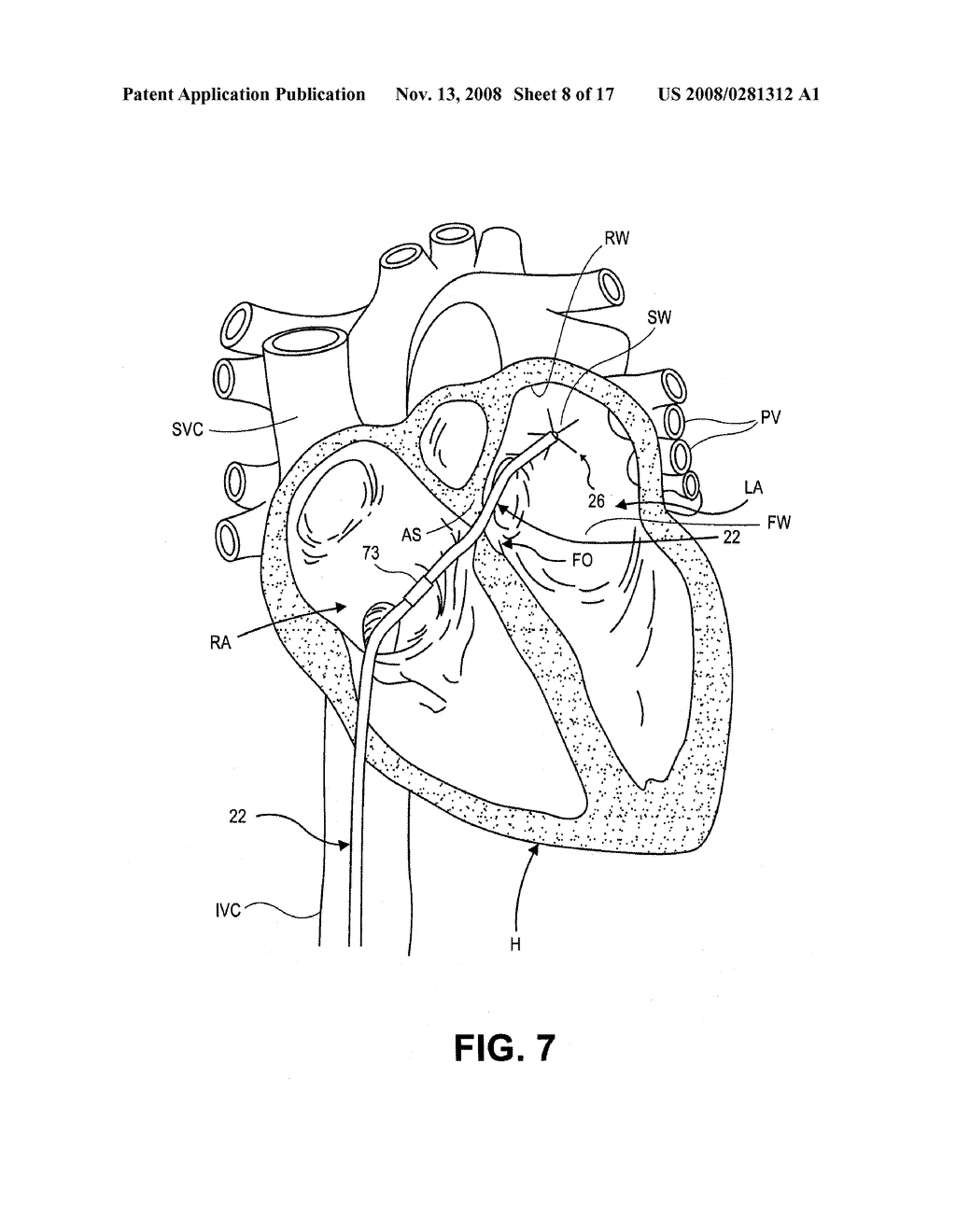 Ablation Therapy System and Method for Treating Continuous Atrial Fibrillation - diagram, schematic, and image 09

※ ※ ※

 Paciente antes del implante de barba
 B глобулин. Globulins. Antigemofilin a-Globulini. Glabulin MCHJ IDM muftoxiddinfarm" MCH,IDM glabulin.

※ ※ ※

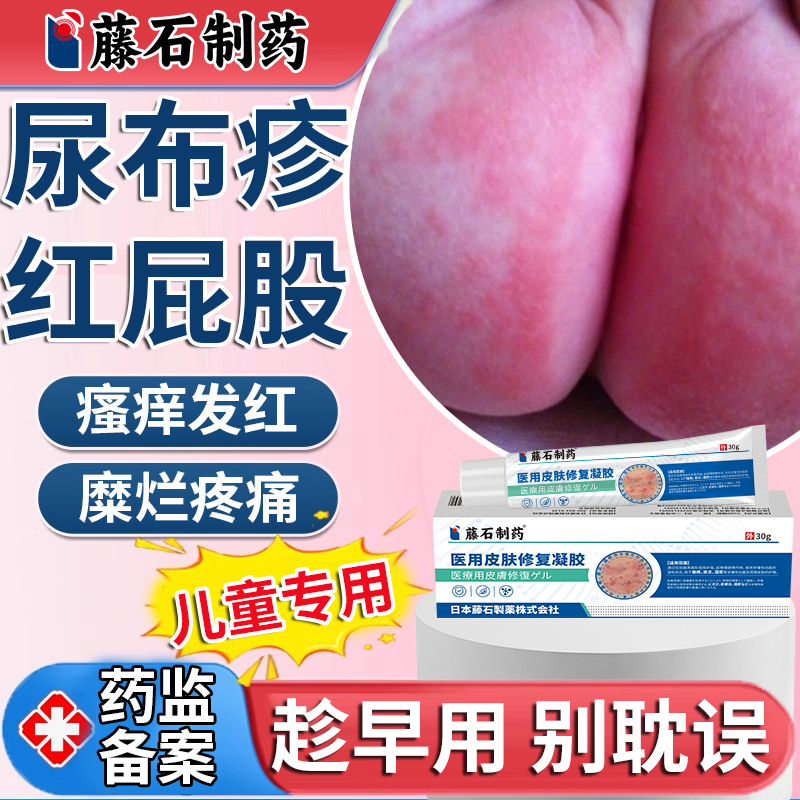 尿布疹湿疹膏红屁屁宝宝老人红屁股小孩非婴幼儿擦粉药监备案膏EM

※ ※ ※

Retype word for word everything in the listing above from the line that holds "Paciente antes del implante de barba" down to the line that holds "B глобулин. Globulins.". Keep both end lines and leave out the rest.

### Exercise response
 Paciente antes del implante de barba
 B глобулин. Globulins. Antigemofilin a-Globulini. Glabulin MCHJ IDM muftoxiddinfarm" MCH,IDM glabulin.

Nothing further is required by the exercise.